## What you will do
Repeat exactly the lines of the material below that run from the "1981 Fiat 124 Sport Spider - Image 14 of 31" line to the "عکس شهید حججی ایستاده" line, including both, and do not carry over any pictures.

## Working data
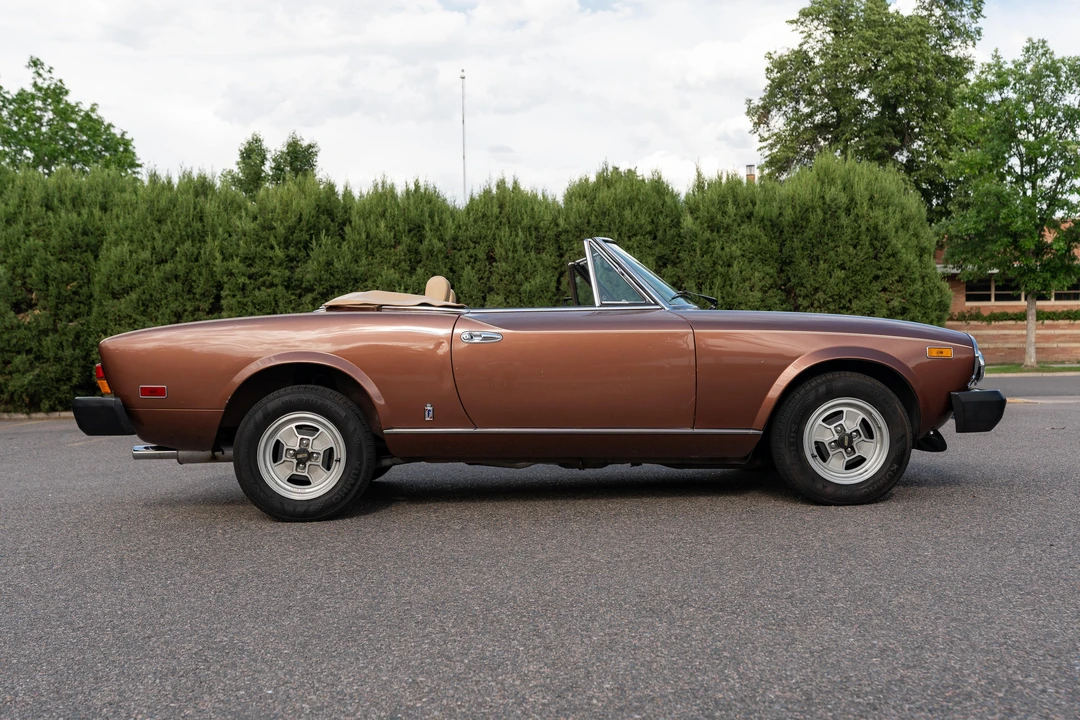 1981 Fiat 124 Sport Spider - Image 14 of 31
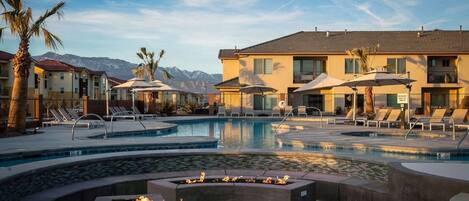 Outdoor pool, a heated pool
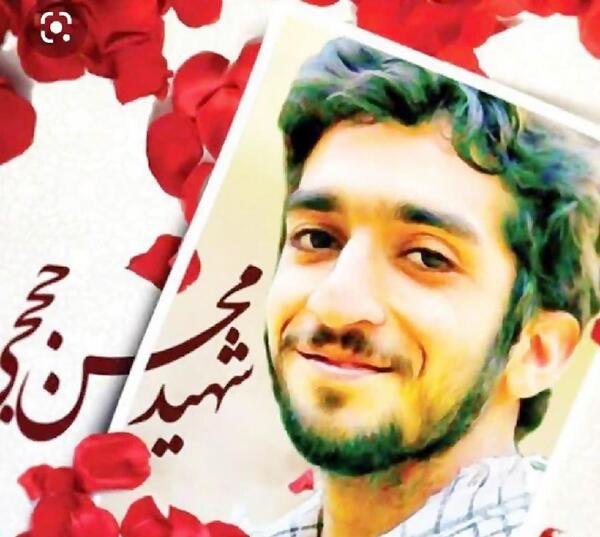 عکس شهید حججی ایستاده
...
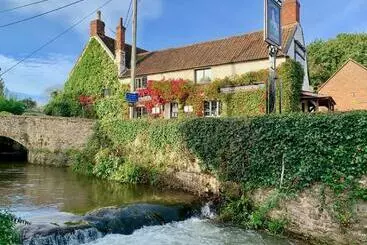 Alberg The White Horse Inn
---
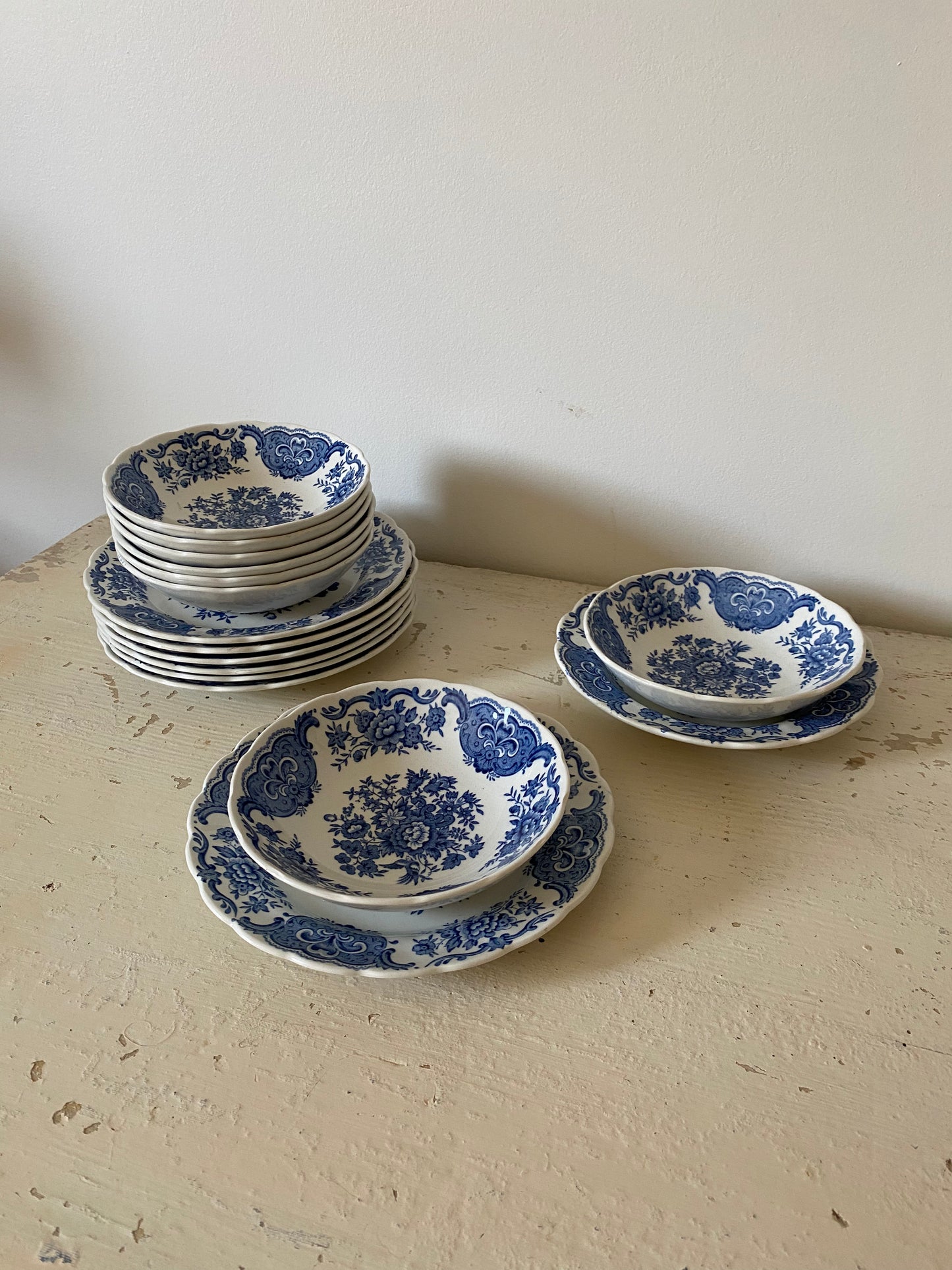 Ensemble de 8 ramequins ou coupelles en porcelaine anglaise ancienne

## Output
 1981 Fiat 124 Sport Spider - Image 14 of 31
 Outdoor pool, a heated pool
 عکس شهید حججی ایستاده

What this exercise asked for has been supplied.